Segment Start: Data listing
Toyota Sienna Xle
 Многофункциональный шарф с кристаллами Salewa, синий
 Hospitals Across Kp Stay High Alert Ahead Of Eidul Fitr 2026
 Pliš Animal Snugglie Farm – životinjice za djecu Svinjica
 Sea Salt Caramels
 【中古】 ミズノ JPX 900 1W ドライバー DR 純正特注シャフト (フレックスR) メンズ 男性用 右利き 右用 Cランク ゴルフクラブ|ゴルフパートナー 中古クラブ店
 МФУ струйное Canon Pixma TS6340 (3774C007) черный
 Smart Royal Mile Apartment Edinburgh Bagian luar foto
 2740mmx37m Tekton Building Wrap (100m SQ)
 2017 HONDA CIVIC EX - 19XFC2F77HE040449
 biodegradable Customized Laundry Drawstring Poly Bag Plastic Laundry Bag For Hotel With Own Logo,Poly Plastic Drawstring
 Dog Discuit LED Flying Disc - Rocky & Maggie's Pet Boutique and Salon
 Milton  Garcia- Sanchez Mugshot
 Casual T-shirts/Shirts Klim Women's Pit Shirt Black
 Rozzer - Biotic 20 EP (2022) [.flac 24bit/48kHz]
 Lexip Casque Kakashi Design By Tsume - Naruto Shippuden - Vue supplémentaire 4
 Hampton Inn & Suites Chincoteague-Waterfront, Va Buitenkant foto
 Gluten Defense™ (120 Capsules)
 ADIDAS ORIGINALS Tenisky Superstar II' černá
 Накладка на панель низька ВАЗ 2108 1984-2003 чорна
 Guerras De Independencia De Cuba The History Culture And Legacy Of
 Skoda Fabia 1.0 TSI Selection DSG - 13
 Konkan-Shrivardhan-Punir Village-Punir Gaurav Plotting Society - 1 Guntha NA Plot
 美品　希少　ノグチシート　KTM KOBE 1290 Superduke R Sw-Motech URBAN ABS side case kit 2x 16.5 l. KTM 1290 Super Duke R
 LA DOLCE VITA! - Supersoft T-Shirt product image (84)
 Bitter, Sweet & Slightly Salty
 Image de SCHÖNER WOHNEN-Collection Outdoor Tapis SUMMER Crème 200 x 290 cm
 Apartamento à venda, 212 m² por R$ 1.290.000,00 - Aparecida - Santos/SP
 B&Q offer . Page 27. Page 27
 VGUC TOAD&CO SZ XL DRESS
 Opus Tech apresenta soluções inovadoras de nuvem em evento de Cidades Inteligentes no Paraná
Segment End: Data listing
**Problem description**
Begin at the line that has "Pliš Animal Snugglie" in the entries above; stop after the line that has "Smart Royal Mile". Transcribe exactly those lines and no others.

**Result of this task**
 Pliš Animal Snugglie Farm – životinjice za djecu Svinjica
 Sea Salt Caramels
 【中古】 ミズノ JPX 900 1W ドライバー DR 純正特注シャフト (フレックスR) メンズ 男性用 右利き 右用 Cランク ゴルフクラブ|ゴルフパートナー 中古クラブ店
 МФУ струйное Canon Pixma TS6340 (3774C007) черный
 Smart Royal Mile Apartment Edinburgh Bagian luar foto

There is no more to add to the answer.